A la suite de la publication du rapport, les Etats-Unis ont annoncé des restrictions de visas pour 76 Saoudiens accusés d’avoir «menacé des dissidents à l’étranger».

Ces sanctions s’inscrivent dans le cadre d’une nouvelle règle, baptisée par le département d’Etat américain «Khashoggi ban» («interdiction Khashoggi») visant à interdire d’entrée aux Etats-Unis toute personne accusée de s’attaquer, au nom des autorités de son pays, à des dissidents ou journalistes à l’étranger.

Des sanctions financières ont également été prises contre une unité d’intervention spéciale et l’ancien numéro deux du renseignement saoudien, Ahmed Al-Assiri.

Le général Assiri, un influent militaire proche de «MBS», avait été mis en accusation mais acquitté par la justice saoudienne.
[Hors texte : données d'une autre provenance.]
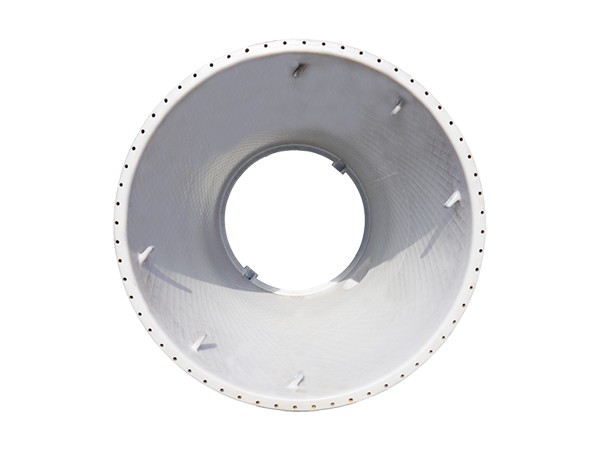 钢衬PO、PP、PE管道及管件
La justice turque l’accuse de son côté d’être un des commanditaires du meurtre.

«Jamal Khashoggi a payé de sa vie pour exprimer ses opinions», a affirmé le chef de la diplomatie américaine, Antony Blinken, expliquant vouloir «punir les Etats qui menacent et attaquent des journalistes ou des opposants présumés au-delà de leurs frontières simplement car ils exercent leurs libertés fondamentales».

Le président Biden, qui avait jugé avant son élection en novembre que le royaume du Golfe devait être traité comme un Etat «paria» pour cette affaire, a tenté de déminer le terrain en appelant jeudi au téléphone le roi Salman pour la première fois depuis son arrivée à la Maison Blanche.

S’il a mis l’accent sur «les droits humains universels» et «l’Etat de droit», il a aussi adressé un satisfecit au monarque pour la récente libération de plusieurs prisonniers politiques. Et il a évoqué «l’engagement des Etats-Unis à aider l’Arabie saoudite à défendre son territoire face aux attaques de groupes pro-Iran», selon la présidence américaine.

Ni Washington ni Riyad n’ont mentionné, dans leur compte rendu de cet appel, le rapport déclassifié potentiellement explosif pour leurs relations bilatérales.

Trump avait connaissance du rapport

Le Sénat des Etats-Unis, qui avait déjà eu accès aux conclusions des services de renseignement américains, avait aussi jugé dès 2018 que le prince était «responsable» du meurtre. Mais Mike Pompeo, alors secrétaire d’Etat de Donald Trump, avait lui affirmé que le rapport de la CIA ne contenait «aucun élément direct liant le prince héritier à l’ordre de tuer Jamal Khashoggi».

A l’époque, l’administration Trump avait émis des sanctions à l’encontre d’une douzaine de responsables saoudiens subalternes.

Et l’ex-président républicain n’avait jamais voulu publier ce rapport ni blâmer publiquement «MBS», pour préserver l’alliance avec Riyad, pilier de sa stratégie anti-Iran, premier exportateur mondial de pétrole brut, et gros acheteur d’armes américaines.

Les photos de Mike Pompeo, tout sourire, aux côtés du prince avaient apporté de l’eau au moulin des détracteurs de la diplomatie trumpiste, accusée d’avoir couvert l’assassinat.

Le gouvernement américain a d’ores et déjà prévenu que Joe Biden entendait «recalibrer» sa relation avec Riyad, en ne parlant qu’au roi et non au prince, interlocuteur privilégié de Donald Trump, et en mettant l’accent sur les droits humains.

Il a aussi mis fin au soutien américain à la coalition militaire, dirigée par les Saoudiens, qui intervient dans la guerre au Yémen, et tente de renouer le dialogue avec l’Iran.